EXERCISE INSTRUCTIONS |
Find the line with "Nissan X-Trail — миниатюра 25" and the line with "Stunning Remodeled Midtown" in the entries below; output exactly those two lines, every line between them, and no others.

=== Section Start ===

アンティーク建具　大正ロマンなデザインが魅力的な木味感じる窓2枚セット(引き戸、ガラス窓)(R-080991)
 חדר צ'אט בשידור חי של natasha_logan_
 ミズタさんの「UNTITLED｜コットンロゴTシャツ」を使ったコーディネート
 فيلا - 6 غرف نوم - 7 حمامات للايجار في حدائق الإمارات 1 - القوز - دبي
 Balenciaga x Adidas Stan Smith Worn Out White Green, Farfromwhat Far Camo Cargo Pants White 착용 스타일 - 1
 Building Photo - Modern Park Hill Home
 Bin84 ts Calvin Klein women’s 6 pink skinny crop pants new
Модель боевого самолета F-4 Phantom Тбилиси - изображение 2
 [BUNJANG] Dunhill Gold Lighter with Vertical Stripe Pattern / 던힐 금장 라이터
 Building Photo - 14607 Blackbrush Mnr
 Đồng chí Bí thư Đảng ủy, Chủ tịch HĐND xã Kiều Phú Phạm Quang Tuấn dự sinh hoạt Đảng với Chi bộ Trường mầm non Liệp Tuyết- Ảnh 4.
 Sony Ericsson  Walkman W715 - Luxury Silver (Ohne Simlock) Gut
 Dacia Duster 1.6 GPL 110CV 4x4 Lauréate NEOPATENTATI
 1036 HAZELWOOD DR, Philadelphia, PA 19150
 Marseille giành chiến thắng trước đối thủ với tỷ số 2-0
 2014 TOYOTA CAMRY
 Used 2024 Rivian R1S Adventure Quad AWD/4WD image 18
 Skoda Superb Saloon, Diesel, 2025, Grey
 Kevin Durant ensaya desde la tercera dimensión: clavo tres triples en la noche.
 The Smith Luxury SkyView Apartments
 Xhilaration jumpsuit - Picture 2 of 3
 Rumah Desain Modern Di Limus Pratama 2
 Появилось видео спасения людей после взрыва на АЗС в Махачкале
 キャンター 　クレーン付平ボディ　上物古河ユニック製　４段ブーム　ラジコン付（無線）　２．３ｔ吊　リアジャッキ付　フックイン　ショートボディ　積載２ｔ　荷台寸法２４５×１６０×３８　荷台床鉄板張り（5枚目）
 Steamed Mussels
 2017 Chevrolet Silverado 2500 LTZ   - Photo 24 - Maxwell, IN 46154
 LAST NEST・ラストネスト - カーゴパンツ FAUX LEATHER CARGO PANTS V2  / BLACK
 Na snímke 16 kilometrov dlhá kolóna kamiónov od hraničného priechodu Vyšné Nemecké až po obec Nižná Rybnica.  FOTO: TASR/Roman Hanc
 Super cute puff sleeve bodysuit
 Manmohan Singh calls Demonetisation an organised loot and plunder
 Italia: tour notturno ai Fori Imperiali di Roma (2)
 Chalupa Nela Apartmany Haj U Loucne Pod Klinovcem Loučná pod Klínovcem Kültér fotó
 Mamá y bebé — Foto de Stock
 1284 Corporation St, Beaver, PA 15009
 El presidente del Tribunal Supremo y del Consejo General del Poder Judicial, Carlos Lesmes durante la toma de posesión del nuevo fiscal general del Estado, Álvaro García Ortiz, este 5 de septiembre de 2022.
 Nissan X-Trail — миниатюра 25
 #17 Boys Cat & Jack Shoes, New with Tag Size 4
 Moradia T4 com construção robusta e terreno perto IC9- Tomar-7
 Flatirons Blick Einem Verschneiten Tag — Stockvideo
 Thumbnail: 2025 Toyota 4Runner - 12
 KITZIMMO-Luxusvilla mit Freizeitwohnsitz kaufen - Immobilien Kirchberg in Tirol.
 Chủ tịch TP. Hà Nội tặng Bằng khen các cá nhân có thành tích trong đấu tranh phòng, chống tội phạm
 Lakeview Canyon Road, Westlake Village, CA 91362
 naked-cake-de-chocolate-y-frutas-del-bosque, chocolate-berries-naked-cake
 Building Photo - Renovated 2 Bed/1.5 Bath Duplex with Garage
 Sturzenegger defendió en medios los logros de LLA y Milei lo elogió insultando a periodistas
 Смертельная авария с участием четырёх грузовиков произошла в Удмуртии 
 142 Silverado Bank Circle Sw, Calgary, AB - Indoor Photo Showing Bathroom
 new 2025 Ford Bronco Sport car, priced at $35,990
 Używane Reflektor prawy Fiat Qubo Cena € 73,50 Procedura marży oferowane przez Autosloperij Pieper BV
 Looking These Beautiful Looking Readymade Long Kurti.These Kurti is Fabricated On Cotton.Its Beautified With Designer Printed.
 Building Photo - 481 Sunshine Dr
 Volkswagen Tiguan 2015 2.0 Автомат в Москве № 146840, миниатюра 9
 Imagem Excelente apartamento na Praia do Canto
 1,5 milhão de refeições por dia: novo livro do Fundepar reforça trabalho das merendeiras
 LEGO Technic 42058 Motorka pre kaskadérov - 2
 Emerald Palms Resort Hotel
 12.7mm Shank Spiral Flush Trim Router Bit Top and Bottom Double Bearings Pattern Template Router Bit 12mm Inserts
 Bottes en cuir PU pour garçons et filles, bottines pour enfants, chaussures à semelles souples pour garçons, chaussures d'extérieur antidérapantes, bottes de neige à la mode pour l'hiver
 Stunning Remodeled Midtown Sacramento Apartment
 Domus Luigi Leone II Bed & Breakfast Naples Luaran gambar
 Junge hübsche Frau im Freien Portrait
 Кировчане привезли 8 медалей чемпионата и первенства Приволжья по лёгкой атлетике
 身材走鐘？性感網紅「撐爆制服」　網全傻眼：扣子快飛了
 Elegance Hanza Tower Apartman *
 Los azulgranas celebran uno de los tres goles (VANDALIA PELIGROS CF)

=== Section End ===

ANSWER SPACE |
 Nissan X-Trail — миниатюра 25
 #17 Boys Cat & Jack Shoes, New with Tag Size 4
 Moradia T4 com construção robusta e terreno perto IC9- Tomar-7
 Flatirons Blick Einem Verschneiten Tag — Stockvideo
 Thumbnail: 2025 Toyota 4Runner - 12
 KITZIMMO-Luxusvilla mit Freizeitwohnsitz kaufen - Immobilien Kirchberg in Tirol.
 Chủ tịch TP. Hà Nội tặng Bằng khen các cá nhân có thành tích trong đấu tranh phòng, chống tội phạm
 Lakeview Canyon Road, Westlake Village, CA 91362
 naked-cake-de-chocolate-y-frutas-del-bosque, chocolate-berries-naked-cake
 Building Photo - Renovated 2 Bed/1.5 Bath Duplex with Garage
 Sturzenegger defendió en medios los logros de LLA y Milei lo elogió insultando a periodistas
 Смертельная авария с участием четырёх грузовиков произошла в Удмуртии 
 142 Silverado Bank Circle Sw, Calgary, AB - Indoor Photo Showing Bathroom
 new 2025 Ford Bronco Sport car, priced at $35,990
 Używane Reflektor prawy Fiat Qubo Cena € 73,50 Procedura marży oferowane przez Autosloperij Pieper BV
 Looking These Beautiful Looking Readymade Long Kurti.These Kurti is Fabricated On Cotton.Its Beautified With Designer Printed.
 Building Photo - 481 Sunshine Dr
 Volkswagen Tiguan 2015 2.0 Автомат в Москве № 146840, миниатюра 9
 Imagem Excelente apartamento na Praia do Canto
 1,5 milhão de refeições por dia: novo livro do Fundepar reforça trabalho das merendeiras
 LEGO Technic 42058 Motorka pre kaskadérov - 2
 Emerald Palms Resort Hotel
 12.7mm Shank Spiral Flush Trim Router Bit Top and Bottom Double Bearings Pattern Template Router Bit 12mm Inserts
 Bottes en cuir PU pour garçons et filles, bottines pour enfants, chaussures à semelles souples pour garçons, chaussures d'extérieur antidérapantes, bottes de neige à la mode pour l'hiver
 Stunning Remodeled Midtown Sacramento Apartment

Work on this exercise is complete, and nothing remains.